▶ [WHAT IS BEING ASKED] Take the data below and extract the lines from the one with "Vestido Mid Colcci" to the one with "Jonathan Gaming Vs", inclusive, exactly as written.

▶ [DATASET RECORDS]
------------------------------------

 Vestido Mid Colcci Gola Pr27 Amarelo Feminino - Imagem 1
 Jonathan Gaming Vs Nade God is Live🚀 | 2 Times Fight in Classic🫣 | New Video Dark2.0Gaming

------------------------------------

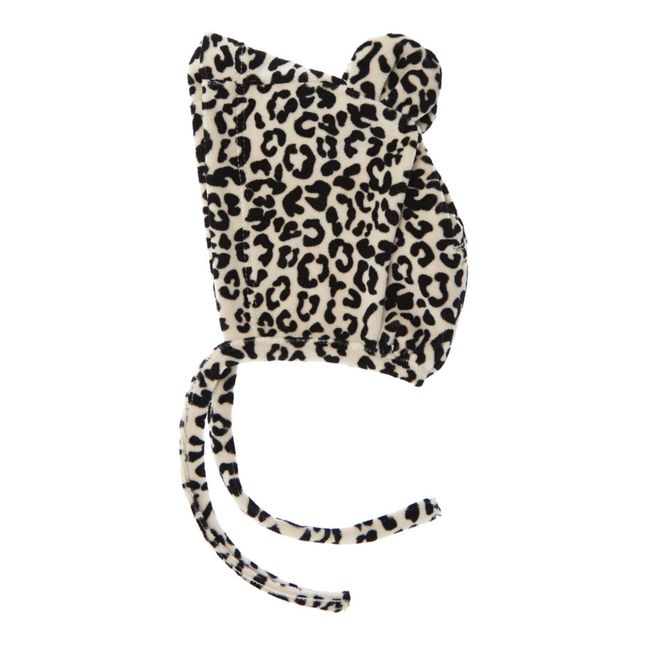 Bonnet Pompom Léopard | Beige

------------------------------------

▶ [OUTPUT OF THE TASK]
 Vestido Mid Colcci Gola Pr27 Amarelo Feminino - Imagem 1
 Jonathan Gaming Vs Nade God is Live🚀 | 2 Times Fight in Classic🫣 | New Video Dark2.0Gaming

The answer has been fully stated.